Westerman – ‘Your Hero Is Not Dead’ review: Beguiling experimental folk gets existential

Will Westerman's debut album is a wonderful, complex thing – quite easily one of the year's most impressive and textured records

It feels like an age since Will Westerman released ‘Confirmation’ in 2018, a curious, brilliant alt-pop bop about trying not to overthink things. The west Londoner’s debut album arrives two years later at a time when our collective psyche feels under even fiercer strain and examination. By deciding to include that song on his album, Westerman notes that nothing much has changed. What first inspired him to make music was the “unspoken understanding” it gives to our lives. And he’s still learning.

‘Your Hero Is Not Dead’ is an entrancing exploration of the psyche that considers the fallibility of being human. Amid its waterlogged guitars and metronomic drum machine beats lie gleaming acoustics and chirping synths. Vocally, comparisons to lofty folk experimentalists Arthur Russell and John Martyn are justified.

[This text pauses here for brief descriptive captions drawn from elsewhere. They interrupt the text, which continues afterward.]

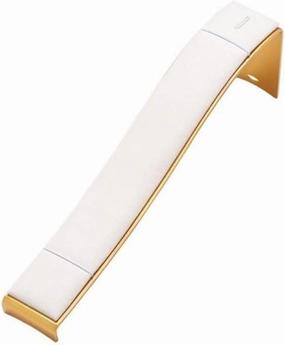 Jewelry Towers Metal Microfiber Bracelet Watch Display Stand Jewelry Display Props Window Counter Jewelry Storage Ornaments Jewelry Rack(White)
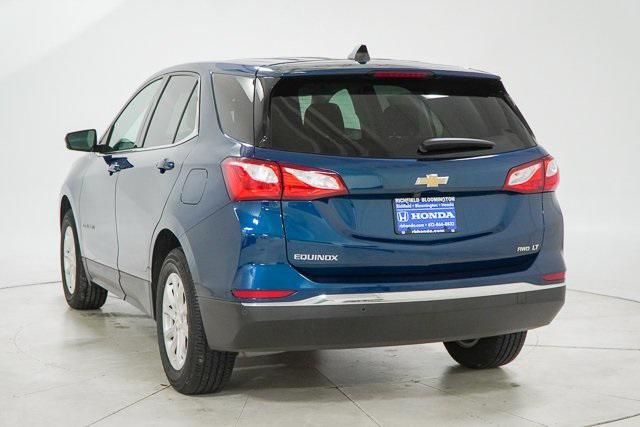 used 2020 Chevrolet Equinox car, priced at $17,179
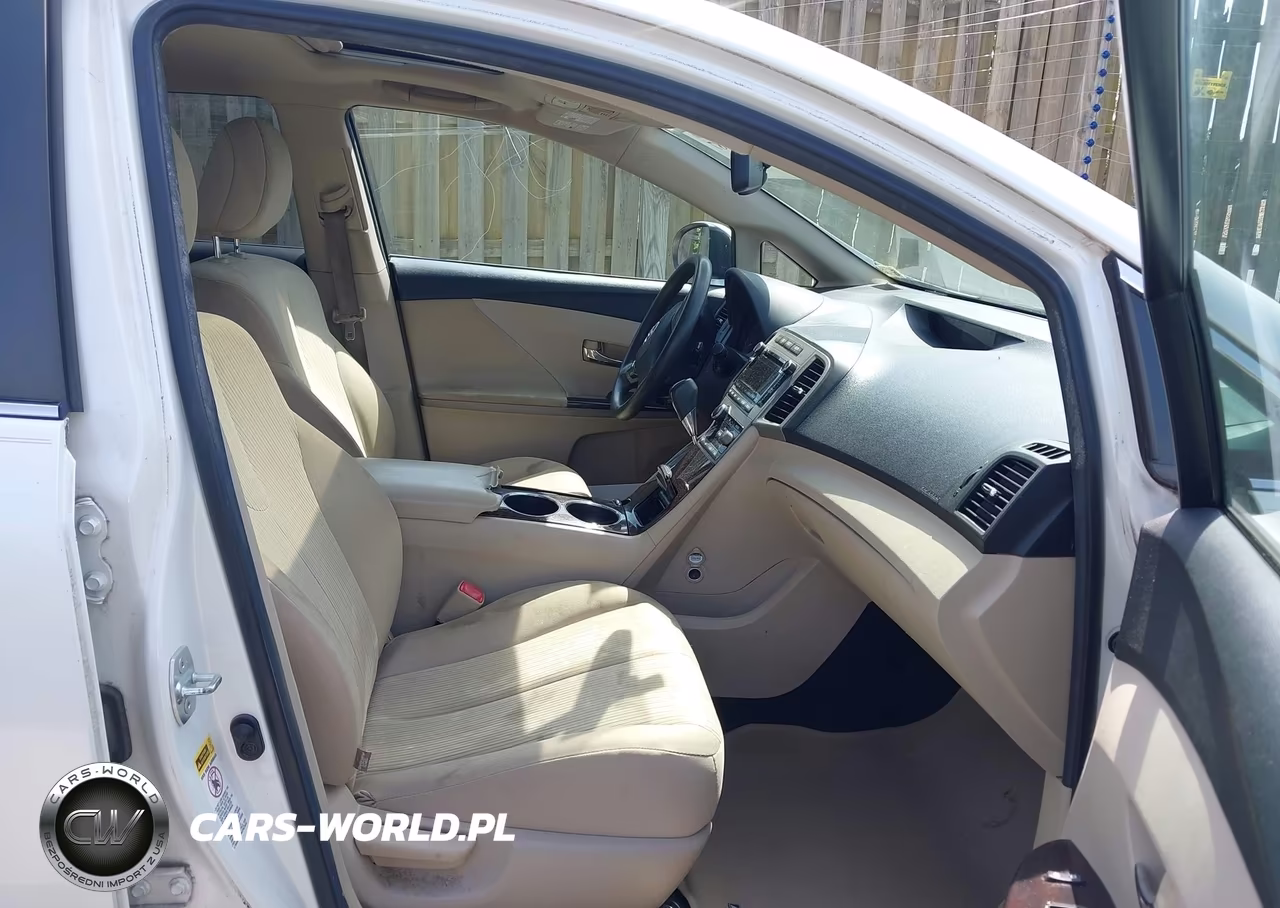 2011 Toyota Venza VIN:4T3BA3BB2BU022344 - 5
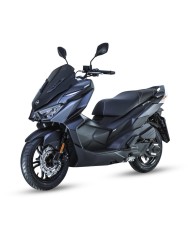 SYM JET-X 125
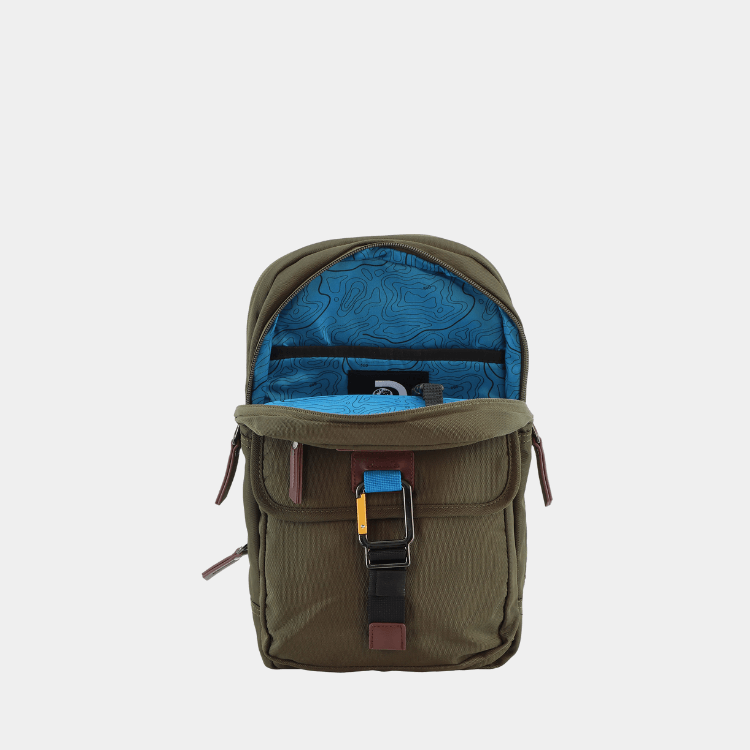 ICON RPET SLING BAG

Lyrically, too, Westerman plays with juxtapositions, such as lathering a soothing balm on the chronic pain depicted in ‘Think I’ll Stay’. He loops brisk acoustics and a muted ‘80s electric guitar to carry the listener in a dreamy drift. “Turn back now, Comanche / Walk me through the blue cornered sundown”, he sings over reverb-laden rim taps. Westerman muses about environmental destruction without wallowing too much in it, opting instead to appreciate what remains of earth.

‘Big Nothing Glow’ and ‘Waiting On Design’, meanwhile, utilise more opaque lyrics, fidgety structures and peculiar melodies to present abstract thought. They work to reflect the fluidity of conceptual thinking. “Paper your cracks just to keep them alight”, Westerman muses on the former; “22,24 let me inside or once / Or twice” on the latter. But even a smart arse would struggle to wholly understand what he’s singing about.

‘Waiting On Design’ starts as a beat-shifting guitar ditty punctured by electronic glitches. It takes a while to find its rhythm, limited by a cadence-style chorus that effectively resets the song each time. It feels like a hard listen – maybe that’s the point.

Elsewhere, ‘Think I’ll Stay’ and ‘The Line’ showcase Westerman’s ability to snap his melodic synapses into action. On the former he employs aquatic guitars and squelching beats to craft an oddly uplifting song about appreciating life in the face of persistent pain. ‘The Line’ slowly nestles under your skin with cajón drums, lithe guitars and luminescent ‘80s synths that recall early Peter Gabriel. Here, Westerman notes a disintegrating relationship: “Stuck with the infinite / Is there a place for us’?

Westerman does well to investigate the multiple facets of being human instead of regurgitating art’s favourite topic – love – on this impressive debut. Somehow, he manages to tame the album’s kinks into a cohesive if not beguiling whole that’s eminently challenging and comforting to listen to.